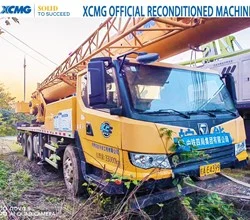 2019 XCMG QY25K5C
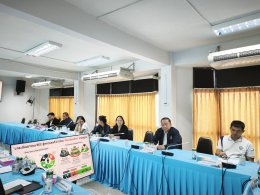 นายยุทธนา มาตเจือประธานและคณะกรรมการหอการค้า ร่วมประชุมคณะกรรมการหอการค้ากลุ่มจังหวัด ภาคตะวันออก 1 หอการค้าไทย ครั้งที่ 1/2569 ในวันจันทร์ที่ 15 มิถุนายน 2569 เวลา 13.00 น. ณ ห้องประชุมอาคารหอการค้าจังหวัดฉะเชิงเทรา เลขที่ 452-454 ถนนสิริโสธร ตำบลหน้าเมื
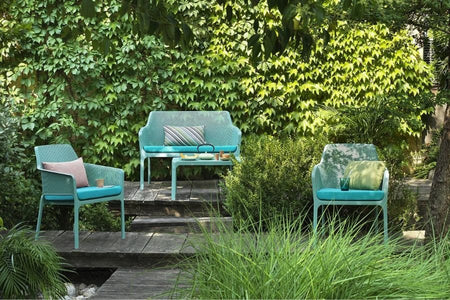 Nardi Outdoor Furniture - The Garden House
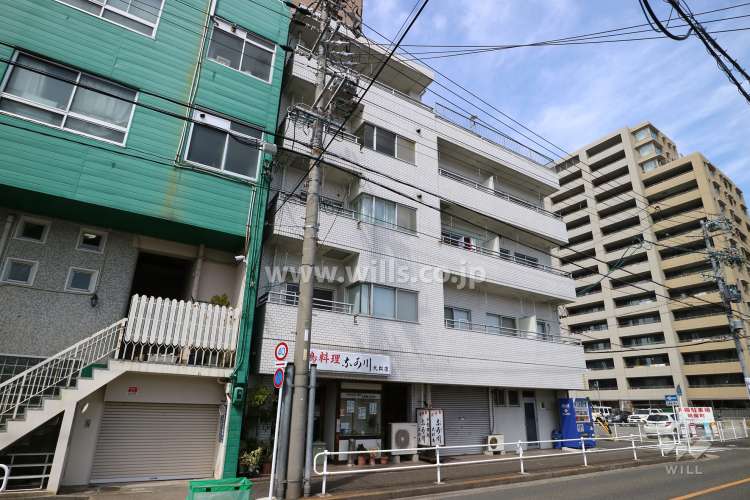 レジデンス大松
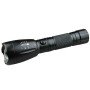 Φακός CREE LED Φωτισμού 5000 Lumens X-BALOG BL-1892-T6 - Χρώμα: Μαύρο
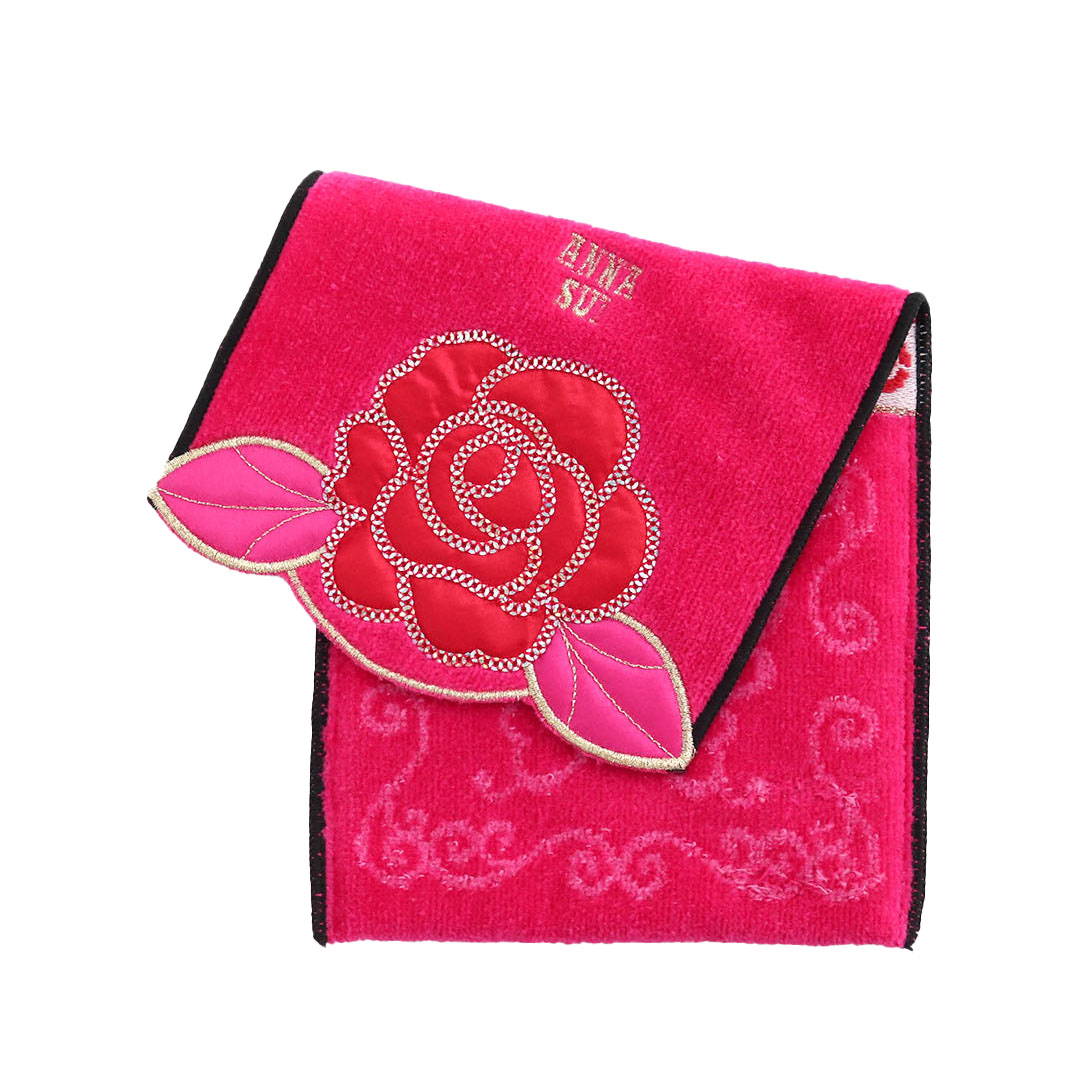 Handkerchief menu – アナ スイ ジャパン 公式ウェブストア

——

Problem:
Nothing but the lines from the beginning of the material through the line with "Φακός CREE LED" should appear, printed exactly, with no pictures among them.

Finished exercise:
 2019 XCMG QY25K5C
 นายยุทธนา มาตเจือประธานและคณะกรรมการหอการค้า ร่วมประชุมคณะกรรมการหอการค้ากลุ่มจังหวัด ภาคตะวันออก 1 หอการค้าไทย ครั้งที่ 1/2569 ในวันจันทร์ที่ 15 มิถุนายน 2569 เวลา 13.00 น. ณ ห้องประชุมอาคารหอการค้าจังหวัดฉะเชิงเทรา เลขที่ 452-454 ถนนสิริโสธร ตำบลหน้าเมื
 Nardi Outdoor Furniture - The Garden House
 レジデンス大松
 Φακός CREE LED Φωτισμού 5000 Lumens X-BALOG BL-1892-T6 - Χρώμα: Μαύρο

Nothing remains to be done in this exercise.